The relationships I built at PCH led me to my first startup role. I became close with a senior exec at the ad agency I hired at PCH, 360i, Josh Winograd, while working together. He went on to co-found AdoTube, a video ad tech company. He recruited me into startup life as an early employee, and I haven't looked back. I was their first BD hire, and it was there that I realized how much of an impact an early employee could have on a startup's growth. I built out the supply side of their business and drove publisher adoption of new technology (interactive video ads). Digital video advertising was still in its infancy, and interactive ad formats were starting to emerge. I was only about 15 months in when we got acquired by one of the leading global ad networks at the time, Exponential Interactive. They needed to bolt on a video business and liked our tech and agency reach. Looking back, even though it wasn't a large exit, I didn't realize how special that moment was. Many years later, I know how hard it is to get an exit.

I spent some time integrating the new team across a few offices but soon realized that I still wanted to be very much a part of a growing startup.
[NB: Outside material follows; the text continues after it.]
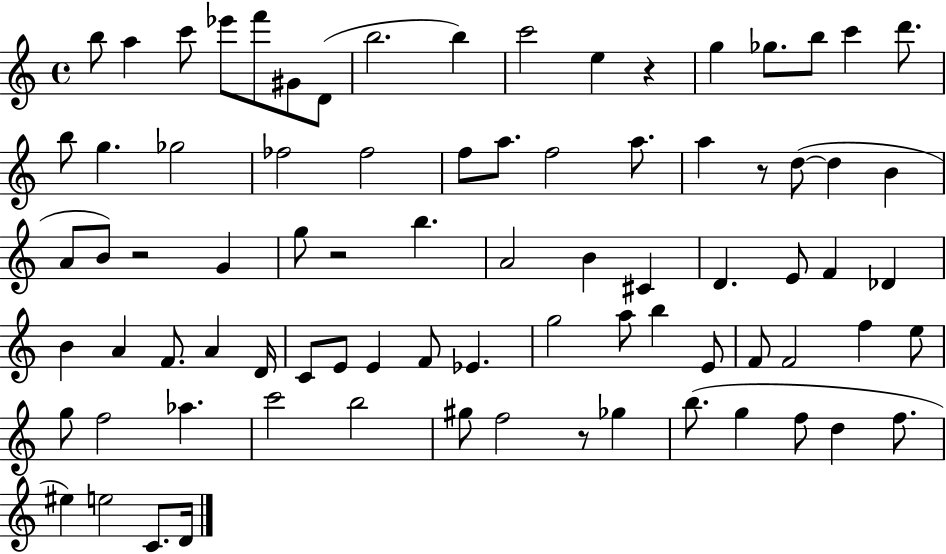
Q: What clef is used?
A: treble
Rather than a larger organization that had different incentives and aspirations. When a recruiter who I now call a good friend, Mike Adler, presented me the opportunity to join Innovid as their first BD hire, I knew it was the right fit. I was familiar with Innovid then as they were in the video space with a thesis similar to AdoTube's—better ad experiences for the consumer and more impact for the advertiser. Innovid attracted me because they were a tech pure play with no interest in getting involved in becoming an ad network or a DSP/SSP. I fell in love with the team and the culture and made an impact during an essential phase of the company's growth.

Again, I was their first BD hire, working closely with the head of revenue at the time, Frank Morgano, and the Co-Founders, Zvika Netter and Tal Chalozin. I drove publisher adoption of their technology and developed their publisher reseller business. Emerging video DSPs (Brightroll, Tubemogul, Adap.tv, Videology) became our largest clients. I managed a very profitable publisher-side business with few resources. After gaining broad publisher adoption, I focused on evangelizing interactive ads on connected televisions and over-the-top devices. I played an instrumental role in launching the first-of-kind interactive video ad on Roku in partnership with Sony Crackle. Before Roku's Ads SDK, when no standards existed. With the help of Tal and Michael Tuminello, our product lead at the time, which I still maintain a strong relationship with, we scaled the partnership with Sony and Roku. We then made more inroads with large publishers, including AOL, NBC, Fox, Conde Nast, and Viacom.

As Innovid came to an inflection point in their business, they pushed hard to build a video ad server servicing the buy side, which was a successful strategy. They later went on to go public at a valuation over $1B. However, at the time, it left me in a position where I didn't feel I could make as big of an impact as I had since I started there.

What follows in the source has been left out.